> **WHAT YOU HAVE TO DO**: In the records below, work out how many lines hold the word "Punto". Report the number alone.

> **SOURCE INFORMATION**:
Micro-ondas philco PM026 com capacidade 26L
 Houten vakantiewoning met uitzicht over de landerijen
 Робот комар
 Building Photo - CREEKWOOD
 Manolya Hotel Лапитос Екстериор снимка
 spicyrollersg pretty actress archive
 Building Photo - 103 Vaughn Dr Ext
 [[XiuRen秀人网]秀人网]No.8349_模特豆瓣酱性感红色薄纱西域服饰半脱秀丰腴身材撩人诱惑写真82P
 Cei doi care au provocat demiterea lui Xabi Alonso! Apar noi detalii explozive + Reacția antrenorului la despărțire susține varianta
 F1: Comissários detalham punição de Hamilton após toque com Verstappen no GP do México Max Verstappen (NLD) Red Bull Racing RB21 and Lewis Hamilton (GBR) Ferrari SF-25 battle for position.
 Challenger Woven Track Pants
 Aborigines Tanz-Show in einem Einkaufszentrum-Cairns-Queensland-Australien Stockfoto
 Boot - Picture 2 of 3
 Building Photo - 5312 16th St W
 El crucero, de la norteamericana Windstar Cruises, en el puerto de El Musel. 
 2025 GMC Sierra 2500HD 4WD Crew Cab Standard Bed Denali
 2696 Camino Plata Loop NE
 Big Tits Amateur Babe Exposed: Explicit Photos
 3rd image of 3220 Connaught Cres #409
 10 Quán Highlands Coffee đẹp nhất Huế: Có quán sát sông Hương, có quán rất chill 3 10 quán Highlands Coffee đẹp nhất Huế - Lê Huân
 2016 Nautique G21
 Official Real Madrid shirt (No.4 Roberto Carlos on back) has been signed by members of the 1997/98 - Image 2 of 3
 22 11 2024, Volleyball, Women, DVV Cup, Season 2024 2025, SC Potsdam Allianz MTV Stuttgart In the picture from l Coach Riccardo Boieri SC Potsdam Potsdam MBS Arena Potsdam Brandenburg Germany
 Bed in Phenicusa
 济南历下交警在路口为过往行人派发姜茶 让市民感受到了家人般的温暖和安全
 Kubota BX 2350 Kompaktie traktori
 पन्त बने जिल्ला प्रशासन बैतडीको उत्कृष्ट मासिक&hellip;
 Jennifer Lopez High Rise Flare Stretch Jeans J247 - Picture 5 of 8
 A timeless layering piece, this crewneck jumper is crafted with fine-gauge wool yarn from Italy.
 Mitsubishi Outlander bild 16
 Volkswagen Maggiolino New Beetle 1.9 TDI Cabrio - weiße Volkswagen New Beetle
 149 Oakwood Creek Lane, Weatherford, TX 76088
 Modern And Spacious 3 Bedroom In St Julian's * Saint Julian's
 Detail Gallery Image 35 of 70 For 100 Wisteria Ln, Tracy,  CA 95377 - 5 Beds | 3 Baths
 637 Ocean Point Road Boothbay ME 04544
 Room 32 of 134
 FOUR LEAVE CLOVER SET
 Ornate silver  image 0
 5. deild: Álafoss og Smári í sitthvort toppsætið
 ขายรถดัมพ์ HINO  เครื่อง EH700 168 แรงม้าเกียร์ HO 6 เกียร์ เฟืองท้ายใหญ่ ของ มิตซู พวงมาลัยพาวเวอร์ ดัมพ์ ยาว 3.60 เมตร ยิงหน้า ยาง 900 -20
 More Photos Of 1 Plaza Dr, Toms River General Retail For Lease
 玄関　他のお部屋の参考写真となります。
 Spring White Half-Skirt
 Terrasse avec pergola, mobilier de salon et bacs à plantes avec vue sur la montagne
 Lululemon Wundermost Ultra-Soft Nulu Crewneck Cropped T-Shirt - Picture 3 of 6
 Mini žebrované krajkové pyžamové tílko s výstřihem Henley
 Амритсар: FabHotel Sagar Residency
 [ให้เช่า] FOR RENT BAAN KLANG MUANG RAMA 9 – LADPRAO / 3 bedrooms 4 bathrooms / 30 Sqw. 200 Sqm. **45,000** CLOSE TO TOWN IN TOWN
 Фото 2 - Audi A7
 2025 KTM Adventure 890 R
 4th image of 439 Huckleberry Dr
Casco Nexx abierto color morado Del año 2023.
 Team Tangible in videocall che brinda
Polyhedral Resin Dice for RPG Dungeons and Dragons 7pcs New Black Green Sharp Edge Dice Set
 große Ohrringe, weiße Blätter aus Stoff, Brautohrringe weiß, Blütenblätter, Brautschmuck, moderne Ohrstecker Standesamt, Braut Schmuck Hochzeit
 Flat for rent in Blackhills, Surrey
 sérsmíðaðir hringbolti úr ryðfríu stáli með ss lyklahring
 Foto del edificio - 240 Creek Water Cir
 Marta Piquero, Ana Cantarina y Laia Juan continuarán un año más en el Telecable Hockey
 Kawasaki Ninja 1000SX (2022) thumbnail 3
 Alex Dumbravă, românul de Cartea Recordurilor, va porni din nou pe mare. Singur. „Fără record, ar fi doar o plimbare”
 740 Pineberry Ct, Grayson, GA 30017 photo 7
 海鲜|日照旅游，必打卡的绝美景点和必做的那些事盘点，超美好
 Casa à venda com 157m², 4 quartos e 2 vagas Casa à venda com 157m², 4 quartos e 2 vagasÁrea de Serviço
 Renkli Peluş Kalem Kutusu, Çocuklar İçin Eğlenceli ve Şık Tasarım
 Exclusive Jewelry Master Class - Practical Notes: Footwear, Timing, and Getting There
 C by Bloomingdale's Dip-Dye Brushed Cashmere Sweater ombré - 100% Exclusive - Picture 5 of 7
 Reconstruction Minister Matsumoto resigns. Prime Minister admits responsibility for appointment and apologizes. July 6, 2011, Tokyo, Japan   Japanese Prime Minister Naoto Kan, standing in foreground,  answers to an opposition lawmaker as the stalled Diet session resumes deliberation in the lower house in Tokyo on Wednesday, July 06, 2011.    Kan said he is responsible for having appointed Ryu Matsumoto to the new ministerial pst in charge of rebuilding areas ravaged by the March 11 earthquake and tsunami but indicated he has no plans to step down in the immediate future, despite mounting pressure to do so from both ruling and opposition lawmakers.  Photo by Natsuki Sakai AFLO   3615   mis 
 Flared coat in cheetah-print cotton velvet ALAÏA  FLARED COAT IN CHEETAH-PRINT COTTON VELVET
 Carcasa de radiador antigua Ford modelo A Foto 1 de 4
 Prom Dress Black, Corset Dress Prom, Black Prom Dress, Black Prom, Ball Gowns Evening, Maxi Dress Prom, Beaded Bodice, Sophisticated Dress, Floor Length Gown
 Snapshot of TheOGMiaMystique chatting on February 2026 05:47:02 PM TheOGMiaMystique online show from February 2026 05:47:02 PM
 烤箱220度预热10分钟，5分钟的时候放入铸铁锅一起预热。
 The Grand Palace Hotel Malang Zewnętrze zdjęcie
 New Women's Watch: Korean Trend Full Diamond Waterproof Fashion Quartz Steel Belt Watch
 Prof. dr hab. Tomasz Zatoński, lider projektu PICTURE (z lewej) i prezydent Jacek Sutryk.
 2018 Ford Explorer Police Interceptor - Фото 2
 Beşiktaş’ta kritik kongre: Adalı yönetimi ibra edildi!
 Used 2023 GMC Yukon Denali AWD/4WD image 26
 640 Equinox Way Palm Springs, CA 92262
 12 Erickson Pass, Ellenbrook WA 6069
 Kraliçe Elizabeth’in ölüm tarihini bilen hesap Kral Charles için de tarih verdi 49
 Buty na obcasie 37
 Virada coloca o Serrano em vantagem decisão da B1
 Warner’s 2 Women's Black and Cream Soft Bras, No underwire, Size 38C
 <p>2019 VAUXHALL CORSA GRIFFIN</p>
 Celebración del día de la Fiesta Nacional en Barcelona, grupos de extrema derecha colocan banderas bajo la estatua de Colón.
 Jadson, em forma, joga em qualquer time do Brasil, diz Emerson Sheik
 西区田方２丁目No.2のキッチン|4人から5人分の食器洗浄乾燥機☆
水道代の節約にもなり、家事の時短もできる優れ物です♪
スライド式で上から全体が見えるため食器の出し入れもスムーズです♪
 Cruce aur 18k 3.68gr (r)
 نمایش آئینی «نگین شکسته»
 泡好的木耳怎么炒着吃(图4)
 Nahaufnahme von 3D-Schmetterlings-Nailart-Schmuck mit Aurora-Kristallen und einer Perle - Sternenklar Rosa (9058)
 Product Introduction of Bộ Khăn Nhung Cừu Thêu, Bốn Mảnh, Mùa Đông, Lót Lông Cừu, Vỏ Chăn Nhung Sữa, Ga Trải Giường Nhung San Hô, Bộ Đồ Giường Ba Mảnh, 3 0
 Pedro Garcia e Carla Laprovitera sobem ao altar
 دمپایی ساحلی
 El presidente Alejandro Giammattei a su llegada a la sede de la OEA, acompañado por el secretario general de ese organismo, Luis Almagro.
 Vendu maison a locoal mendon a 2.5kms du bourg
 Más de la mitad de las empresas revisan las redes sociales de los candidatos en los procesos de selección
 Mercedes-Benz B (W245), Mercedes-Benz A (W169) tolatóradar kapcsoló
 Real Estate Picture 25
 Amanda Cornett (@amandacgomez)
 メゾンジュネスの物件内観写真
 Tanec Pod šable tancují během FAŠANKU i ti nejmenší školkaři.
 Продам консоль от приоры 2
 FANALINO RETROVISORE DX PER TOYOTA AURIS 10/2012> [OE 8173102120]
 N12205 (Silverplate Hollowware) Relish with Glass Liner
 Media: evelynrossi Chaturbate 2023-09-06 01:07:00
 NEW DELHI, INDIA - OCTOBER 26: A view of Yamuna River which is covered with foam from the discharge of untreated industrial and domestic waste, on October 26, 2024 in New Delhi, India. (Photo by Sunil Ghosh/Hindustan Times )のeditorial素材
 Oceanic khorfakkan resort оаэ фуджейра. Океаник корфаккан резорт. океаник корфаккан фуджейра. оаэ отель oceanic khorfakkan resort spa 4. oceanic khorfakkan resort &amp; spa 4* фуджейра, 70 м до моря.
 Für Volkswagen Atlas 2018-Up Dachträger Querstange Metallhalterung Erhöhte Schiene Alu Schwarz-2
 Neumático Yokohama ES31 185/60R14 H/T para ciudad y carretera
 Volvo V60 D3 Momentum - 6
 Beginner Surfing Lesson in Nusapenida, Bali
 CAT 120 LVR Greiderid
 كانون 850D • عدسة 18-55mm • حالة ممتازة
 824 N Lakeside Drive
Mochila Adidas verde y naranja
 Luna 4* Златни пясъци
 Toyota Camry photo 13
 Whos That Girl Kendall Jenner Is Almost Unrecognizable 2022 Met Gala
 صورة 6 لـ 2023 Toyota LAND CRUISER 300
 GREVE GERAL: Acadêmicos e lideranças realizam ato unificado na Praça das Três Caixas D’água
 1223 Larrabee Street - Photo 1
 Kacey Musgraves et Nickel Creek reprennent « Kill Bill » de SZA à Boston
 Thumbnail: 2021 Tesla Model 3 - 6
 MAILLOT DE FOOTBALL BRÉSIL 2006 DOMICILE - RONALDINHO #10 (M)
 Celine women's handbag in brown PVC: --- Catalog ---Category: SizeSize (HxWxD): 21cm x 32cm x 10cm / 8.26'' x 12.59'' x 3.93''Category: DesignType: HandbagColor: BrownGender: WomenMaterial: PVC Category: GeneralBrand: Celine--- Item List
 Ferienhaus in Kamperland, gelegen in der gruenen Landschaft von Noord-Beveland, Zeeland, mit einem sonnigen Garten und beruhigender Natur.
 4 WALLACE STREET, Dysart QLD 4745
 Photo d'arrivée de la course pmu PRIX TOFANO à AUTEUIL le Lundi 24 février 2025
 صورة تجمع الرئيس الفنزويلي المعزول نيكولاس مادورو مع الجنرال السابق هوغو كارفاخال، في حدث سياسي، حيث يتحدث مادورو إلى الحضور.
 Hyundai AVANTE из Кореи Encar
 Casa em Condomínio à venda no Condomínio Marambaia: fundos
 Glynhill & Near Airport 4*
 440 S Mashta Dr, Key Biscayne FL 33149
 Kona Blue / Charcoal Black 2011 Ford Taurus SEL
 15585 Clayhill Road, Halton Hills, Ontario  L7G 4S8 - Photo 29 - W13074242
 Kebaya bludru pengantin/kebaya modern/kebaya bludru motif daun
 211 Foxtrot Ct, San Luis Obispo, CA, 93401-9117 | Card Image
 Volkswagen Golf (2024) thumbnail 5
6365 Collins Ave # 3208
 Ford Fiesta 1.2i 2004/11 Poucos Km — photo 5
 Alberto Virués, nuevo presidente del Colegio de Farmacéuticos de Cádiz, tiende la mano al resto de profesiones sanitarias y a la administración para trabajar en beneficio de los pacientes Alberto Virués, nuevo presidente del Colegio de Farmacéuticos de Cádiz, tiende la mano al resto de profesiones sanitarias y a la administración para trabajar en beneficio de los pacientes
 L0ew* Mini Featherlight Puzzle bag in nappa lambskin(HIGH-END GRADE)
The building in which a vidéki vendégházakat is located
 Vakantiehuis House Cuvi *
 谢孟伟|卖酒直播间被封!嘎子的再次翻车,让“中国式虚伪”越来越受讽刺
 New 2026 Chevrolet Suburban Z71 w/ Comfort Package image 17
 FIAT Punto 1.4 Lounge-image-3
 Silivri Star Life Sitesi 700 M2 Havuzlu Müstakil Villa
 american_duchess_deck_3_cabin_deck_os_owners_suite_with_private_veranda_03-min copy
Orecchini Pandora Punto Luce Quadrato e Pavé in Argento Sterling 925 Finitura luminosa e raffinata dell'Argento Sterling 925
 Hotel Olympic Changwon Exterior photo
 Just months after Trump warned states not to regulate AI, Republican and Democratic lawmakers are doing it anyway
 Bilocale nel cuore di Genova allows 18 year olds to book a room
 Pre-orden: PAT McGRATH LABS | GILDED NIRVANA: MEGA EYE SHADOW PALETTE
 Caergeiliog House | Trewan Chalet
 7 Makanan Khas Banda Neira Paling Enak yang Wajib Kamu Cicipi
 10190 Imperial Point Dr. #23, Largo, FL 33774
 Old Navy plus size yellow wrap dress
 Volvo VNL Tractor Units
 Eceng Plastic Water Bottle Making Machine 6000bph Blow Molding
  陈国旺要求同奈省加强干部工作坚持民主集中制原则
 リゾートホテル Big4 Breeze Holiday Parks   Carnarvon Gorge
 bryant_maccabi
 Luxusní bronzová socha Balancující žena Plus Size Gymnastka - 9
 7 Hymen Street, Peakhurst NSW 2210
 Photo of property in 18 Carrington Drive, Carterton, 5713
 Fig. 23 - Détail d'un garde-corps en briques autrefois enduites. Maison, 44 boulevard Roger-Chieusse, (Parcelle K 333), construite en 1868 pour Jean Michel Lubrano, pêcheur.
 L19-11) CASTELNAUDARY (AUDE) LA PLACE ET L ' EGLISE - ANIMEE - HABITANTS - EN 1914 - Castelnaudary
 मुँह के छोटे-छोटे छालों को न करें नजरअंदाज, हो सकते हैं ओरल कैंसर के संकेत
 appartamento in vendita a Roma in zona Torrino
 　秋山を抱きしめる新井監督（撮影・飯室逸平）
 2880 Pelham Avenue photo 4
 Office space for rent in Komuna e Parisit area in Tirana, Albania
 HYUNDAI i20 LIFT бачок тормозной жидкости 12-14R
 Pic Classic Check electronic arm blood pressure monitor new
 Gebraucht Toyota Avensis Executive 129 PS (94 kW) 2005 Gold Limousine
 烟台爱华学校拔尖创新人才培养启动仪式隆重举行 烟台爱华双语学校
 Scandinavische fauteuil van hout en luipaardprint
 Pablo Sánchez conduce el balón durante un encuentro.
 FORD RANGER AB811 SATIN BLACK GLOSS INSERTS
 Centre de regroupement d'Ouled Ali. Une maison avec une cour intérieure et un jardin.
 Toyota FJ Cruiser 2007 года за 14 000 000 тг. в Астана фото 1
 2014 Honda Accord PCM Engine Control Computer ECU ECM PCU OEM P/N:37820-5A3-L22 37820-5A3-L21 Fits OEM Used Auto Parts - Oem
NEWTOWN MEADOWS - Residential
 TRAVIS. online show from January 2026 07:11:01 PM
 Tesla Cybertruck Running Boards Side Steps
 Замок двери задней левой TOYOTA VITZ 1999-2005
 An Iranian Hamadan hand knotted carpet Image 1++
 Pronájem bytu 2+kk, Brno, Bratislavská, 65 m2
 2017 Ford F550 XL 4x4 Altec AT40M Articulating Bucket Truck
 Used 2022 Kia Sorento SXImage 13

> **TASK RESPONSE**: 2